Sadomasoquismo
La contraposición al sádico, que busca una libertad sin leyes ni límites, con el masoquista, que halla placer en el control y el contrato. Ambos son incompatibles, pues el placer de uno destruye las normas del otro.


I. La libertad y el sádico Sádico (El Marqués de Sade)
El sádico puro, tal como lo conceptualiza el Marqués de Sade en obras como Justine o Las 120 jornadas de Sodoma, no busca simplemente infligir dolor: busca la negación absoluta de la Ley, ya sea moral, divina o natural.
Sade plantea que, al carecer el mundo de una moral intrínseca, el hombre tiene por derecho una libertad absoluta.
En sus textos, el placer —especialmente el sexual— se convierte en una filosofía de vida. Sus libertinos no son simples antagonistas; son filósofos del crimen que racionalizan hasta el más íntimo de sus actos.
El sádico persigue la soberanía total de su deseo, lo que implica que la víctima debe ser un objeto pasivo e incondicional, una mera extensión de su capricho.
Para que el sádico alcance esta cumbre de goce, cualquier límite autoimpuesto o pactado es inconcebible, pues un límite es una forma de ley.
La anarquía del deseo sádico es incompatible con cualquier marco de reglas que el masoquista intente establecer.
II. El contrato y la ley del masoquista (Sacher-Masoch)

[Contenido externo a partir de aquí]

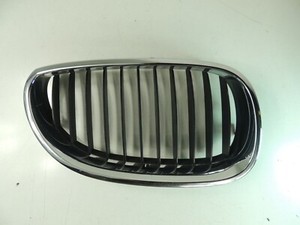BMW 5er E61 E60 Kühlergrill Niere Nieren Ziergitter rechts 7027066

La esencia del masoquismo en la obra de Leopold von Sacher-Masoch, resaltando La Venus de las pieles, reside en el contrato, la anticipación y la regulación.
El masoquista no desea la crueldad aleatoria o ilimitada; desea un capricho muy específico.
El contrato entre Severin y Wanda en la novela es el corazón de este concepto. Severin, el masoquista, cede su libertad a Wanda (la dominadora, o "Venus"), pero esta cesión está meticulosamente detallada en un documento.
Él decide su límite, el alcance de su humillación y el contexto. Al ser el arquitecto de su propio sometimiento, el masoquista ejerce un control supremo sobre la situación.
Su placer surge no de la ausencia de límites, sino de una estricta regulación de los límites pactados.
Si el sádico real rompiera el contrato por capricho, el goce masoquista desaparecería, pues se destruiría el marco teatral y legal que da sentido a su placer.
III. La incompatibilidad
La disonancia no es de carácter superficial, sino de simple naturaleza.
El sádico demanda una libertad absoluta para que su placer sea libre de toda moral y ley.
El masoquista exige una arquitectura meticulosa —el contrato, el marco de reglas— para que el placer sea de su agrado.
Por ello, la relación que se establece en la práctica —aquello que llamamos sadomasoquismo— es la unión de un masoquista con un actor disfrazado de sádico, que acepta la ley del masoquista bajo un guion previamente autorizado.
El verdadero sádico, al querer trascender la moral, destruiría el contrato masoquista, resultando en un conflicto que anularía el placer de ambos.